Records from a data collection:
===============

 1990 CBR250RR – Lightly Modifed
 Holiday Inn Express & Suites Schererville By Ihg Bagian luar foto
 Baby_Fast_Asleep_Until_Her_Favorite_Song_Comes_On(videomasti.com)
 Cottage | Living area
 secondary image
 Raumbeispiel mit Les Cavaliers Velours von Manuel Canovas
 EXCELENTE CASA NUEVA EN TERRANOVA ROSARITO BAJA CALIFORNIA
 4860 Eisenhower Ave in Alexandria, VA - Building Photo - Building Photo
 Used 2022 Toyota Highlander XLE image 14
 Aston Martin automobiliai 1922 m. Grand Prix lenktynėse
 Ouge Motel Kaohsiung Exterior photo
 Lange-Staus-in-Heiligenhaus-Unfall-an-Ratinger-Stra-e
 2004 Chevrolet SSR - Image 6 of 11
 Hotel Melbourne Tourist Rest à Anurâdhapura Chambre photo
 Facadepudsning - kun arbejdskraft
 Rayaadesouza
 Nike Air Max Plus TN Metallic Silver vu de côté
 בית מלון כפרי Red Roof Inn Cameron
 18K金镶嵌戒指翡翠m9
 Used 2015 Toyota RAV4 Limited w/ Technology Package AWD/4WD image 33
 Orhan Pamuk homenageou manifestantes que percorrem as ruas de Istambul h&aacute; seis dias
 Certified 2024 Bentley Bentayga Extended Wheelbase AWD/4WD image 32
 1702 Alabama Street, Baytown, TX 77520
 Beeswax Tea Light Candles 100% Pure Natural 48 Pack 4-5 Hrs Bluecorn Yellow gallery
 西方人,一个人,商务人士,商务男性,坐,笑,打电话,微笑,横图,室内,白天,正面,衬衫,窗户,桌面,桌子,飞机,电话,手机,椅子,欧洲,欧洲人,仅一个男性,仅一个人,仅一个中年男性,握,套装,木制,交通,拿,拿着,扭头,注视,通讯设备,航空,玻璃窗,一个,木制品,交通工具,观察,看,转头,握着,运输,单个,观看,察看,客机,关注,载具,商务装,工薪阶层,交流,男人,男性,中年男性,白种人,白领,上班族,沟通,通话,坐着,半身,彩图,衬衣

===============

Each line of the data must come back exactly as written.

 1990 CBR250RR – Lightly Modifed
 Holiday Inn Express & Suites Schererville By Ihg Bagian luar foto
 Baby_Fast_Asleep_Until_Her_Favorite_Song_Comes_On(videomasti.com)
 Cottage | Living area
 secondary image
 Raumbeispiel mit Les Cavaliers Velours von Manuel Canovas
 EXCELENTE CASA NUEVA EN TERRANOVA ROSARITO BAJA CALIFORNIA
 4860 Eisenhower Ave in Alexandria, VA - Building Photo - Building Photo
 Used 2022 Toyota Highlander XLE image 14
 Aston Martin automobiliai 1922 m. Grand Prix lenktynėse
 Ouge Motel Kaohsiung Exterior photo
 Lange-Staus-in-Heiligenhaus-Unfall-an-Ratinger-Stra-e
 2004 Chevrolet SSR - Image 6 of 11
 Hotel Melbourne Tourist Rest à Anurâdhapura Chambre photo
 Facadepudsning - kun arbejdskraft
 Rayaadesouza
 Nike Air Max Plus TN Metallic Silver vu de côté
 בית מלון כפרי Red Roof Inn Cameron
 18K金镶嵌戒指翡翠m9
 Used 2015 Toyota RAV4 Limited w/ Technology Package AWD/4WD image 33
 Orhan Pamuk homenageou manifestantes que percorrem as ruas de Istambul h&aacute; seis dias
 Certified 2024 Bentley Bentayga Extended Wheelbase AWD/4WD image 32
 1702 Alabama Street, Baytown, TX 77520
 Beeswax Tea Light Candles 100% Pure Natural 48 Pack 4-5 Hrs Bluecorn Yellow gallery
 西方人,一个人,商务人士,商务男性,坐,笑,打电话,微笑,横图,室内,白天,正面,衬衫,窗户,桌面,桌子,飞机,电话,手机,椅子,欧洲,欧洲人,仅一个男性,仅一个人,仅一个中年男性,握,套装,木制,交通,拿,拿着,扭头,注视,通讯设备,航空,玻璃窗,一个,木制品,交通工具,观察,看,转头,握着,运输,单个,观看,察看,客机,关注,载具,商务装,工薪阶层,交流,男人,男性,中年男性,白种人,白领,上班族,沟通,通话,坐着,半身,彩图,衬衣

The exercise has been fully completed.